Agora, significa isto que aquilo que fazemos com a nossa liberdade é igual, seja o que for que façamos? Claro que não: a liberdade pode ser utilizada de forma melhor ou pior. Posso ter demasiados vícios, posso deixar-me influenciar por tudo o que me dizem, posso ficar fechado em casa, posso não querer saber nada, posso funcionar como uma peça numa máquina cega, posso acreditar em ideologias que limitam o mundo a um conjunto restrito de regras e explicações. Posso fazer isto tudo. Para mim, pessoalmente, isto significa um fraca qualidade da liberdade.

Ou seja, a liberdade é absoluta, mas pode ter mais ou menos qualidade, pode ser utilizada de formas distintas, com diferentes valores (nem tudo é igual). Podemos avaliar a liberdade dos outros, tentar influenciá-los a utilizá-la da forma que achamos mais indicada para eles (ou para nós). Somos livres de o fazer. Devemos fazê-lo, em certos casos. Podemos sempre não o fazer. (A ética, que existe e não é relativa, não limita em nada a nossa liberdade, a não ser que o queiramos - e eu, por mim, quero.)

No final, só cada um de nós pode avaliar de forma activa a qualidade da sua própria liberdade. Só cada indivíduo pode realmente julgar a forma como é livre e pode alterá-la. Só cada indivíduo sabe se quer ser (ou se sabe ser) responsável ou irresponsável, curioso ou castrado, influenciável ou bicho do mato.

Por mim, a liberdade deve ser sempre irreverente, curiosa, salgada, consciente do que existe e do que é bom, dos outros, das relações com os outros, das liberdades dos outros; deve ser uma liberdade aberta a tudo o que existe, a esse mundo que não pedimos mas que ainda assim nos
apareceu à frente. Em relação aos outros, sei o que penso do que fazem com a liberdade deles, mas não posso e não devo tentar violentar a liberdade deles, primeiro, porque são livres, segundo porque não há ninguém que me consiga provar sem sombra de dúvidas que a minha liberdade é melhor do que a deles (mas mesmo que fosse...).

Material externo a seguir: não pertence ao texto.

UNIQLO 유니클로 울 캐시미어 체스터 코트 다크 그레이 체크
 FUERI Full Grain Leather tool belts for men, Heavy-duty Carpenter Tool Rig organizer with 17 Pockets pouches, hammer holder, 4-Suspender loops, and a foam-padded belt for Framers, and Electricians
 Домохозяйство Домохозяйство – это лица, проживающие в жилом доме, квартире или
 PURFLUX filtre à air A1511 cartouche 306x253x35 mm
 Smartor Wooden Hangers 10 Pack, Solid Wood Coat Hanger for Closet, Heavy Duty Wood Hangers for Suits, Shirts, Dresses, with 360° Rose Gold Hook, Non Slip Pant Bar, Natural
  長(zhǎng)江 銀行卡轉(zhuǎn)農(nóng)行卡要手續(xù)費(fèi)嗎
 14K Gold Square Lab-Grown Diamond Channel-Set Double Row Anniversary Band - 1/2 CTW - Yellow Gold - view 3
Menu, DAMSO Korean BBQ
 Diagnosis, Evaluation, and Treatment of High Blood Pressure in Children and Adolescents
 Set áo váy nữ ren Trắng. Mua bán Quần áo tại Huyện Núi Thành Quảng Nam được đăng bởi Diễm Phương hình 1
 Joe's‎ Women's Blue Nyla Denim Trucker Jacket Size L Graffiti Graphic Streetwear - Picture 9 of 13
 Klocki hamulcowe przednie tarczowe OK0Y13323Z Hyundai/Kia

Em relação às violências exercidas sobre a nossa liberdade, cada um decide o que fazer: sujeitar-se ou lutar, ignorar ou conhecer, ironizar ou servir de papagaio. No caso das liberdades que desejamos mas que estão para lá do nosso alcance, só nos resta escolher, livremente: lutar por mudar e alcançar ou conformarmo-nos. Por vezes, a melhor liberdade implica conformarmo-nos com alguns dos sonhos impossíveis, para podermos desfrutar da liberdade que temos e podemos utilizar. Mas tudo depende de cada um. Aí está o que é terrível, difícil, solitário na vida humana. Precisamente, humana.

1 comentário:

Anónimo disse...

Pois é, Andre. Liberdade há-a para todos os gostos. No fim, o que conta depois de uma vida passada?
Creio que a suprema dignidade da liberdade está em tê-la exercido sob a forma de assinatura no mundo, uma assinatura válida pelo esforço em torná-lo melhor.
É comum dizer-se o que considero o pior cliché de todos: "a nossa liberdade acaba onde começa a dos outros". Eu acho precisamente o contrário. Creio formemente que a nossa liberdade começa quando deixamos os outros serem livres. Sem choques.
Mas, claro, isto não é conversa para um post e uma caixa de comentários apenas.
Abraço.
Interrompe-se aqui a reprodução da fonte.